La guerra a colpi di invenzioni fra Google e Apple è in atto da qualche anno, da quando sono diventate dirette avversarie sul versante di smartphone e tablet, con i rispettivi Android e iOS. Data la “guerra termonucleare” che Steve Jobs avrebbe voluto portare avanti per abbattere il nemico Big G, non stupisce che un progetto così affascinante come i Google Glasses necessiti di una risposta altrettanto attraente. Ma, secondo Forbes, la realtà sarà invece differente.

Apple è sempre stata restia a far proprie tecnologie nuove di terze parti, se non con l’acquisizione diretta di società, basti pensare a Siri. E sicuramente non cavalcherà l’onda di un concorrente blasonato come Google. Per questo motivo, Apple semplicemente se ne starà seduta e analizzerà la risposta del pubblico. La strategia della Mela, sempre secondo la quotata testata, si articolerà in tre step.

Nella prima fase, come accennato, Cupertino se ne starà placida a guardare. È successo così per l’MP3, lo è stato con il rifiuto per i netbook e così sarà per molti altri prodotti. Apple non produrrà un device se non sarà certa del suo successo, per questo inizialmente non elaborerà il proprio paio di occhiali elettronici targati Mela, soprattutto quando il progetto di Google risulta più nell’ambito dell’ipotesi che in quello della realtà. Nella seconda fase, Apple probabilmente investirà su tecnologie proprie già esistenti che potrebbero competere, seppur in modo diverso, con Google Glass. Il riferimento è sicuramente a Siri, che potrebbe essere integrato in prodotti diversi rispetto a iPhone e imparare a interagire con l’utente anche senza la necessità di avere un dispositivo fra le mani. Nella terza fase, infine, Cupertino potrebbe dimostrare un effettivo interesse per la tecnologia, soprattutto qualora prendesse piede sul mercato.

Storicamente Apple è sempre stata molto attenta a innovare in termini di interazione macchina-utente, prima ridisegnando le funzionalità del mouse di iMac, poi inventando la click-wheel di iPod e infine lanciando su larga scala gli schermi multitouch.
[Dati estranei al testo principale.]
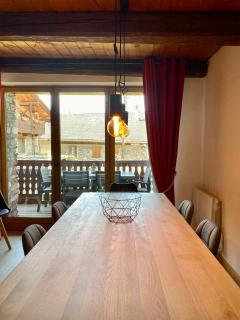 Chalet Fr Gilkens Arc 1600 - Bourg-Saint-Maurice - 1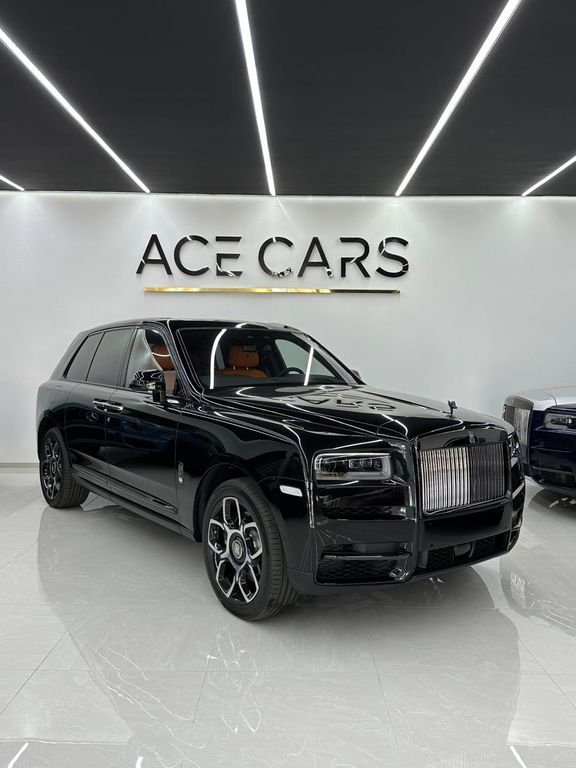 Rolls-Royce Cullinan 2024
Ma gli occhiali, così come Big G li ha inventati, potrebbero non essere la via a cui la Mela aspira. Da sempre, la visione di Cupertino sui prodotti elettronici è che non siano invadenti per gli utenti, un minimalismo di concezione che si riflette anche nel design. I Google Glasses, invece, vanno nella direzione esattamente opposta: “disturbano”, seppur con il benestare del proprietario, continuamente l’utilizzatore. È più probabile, perciò, che Apple continui a elaborare soluzioni disponibili “quando si ritiene utile”, e non perenni come il futuro cui mira Big G. Tuttavia, di fronte una simile innovazione, Cupertino non potrà continuare a puntare sui device touch, che verranno ovviamente superati. Che cosa accadrà, allora?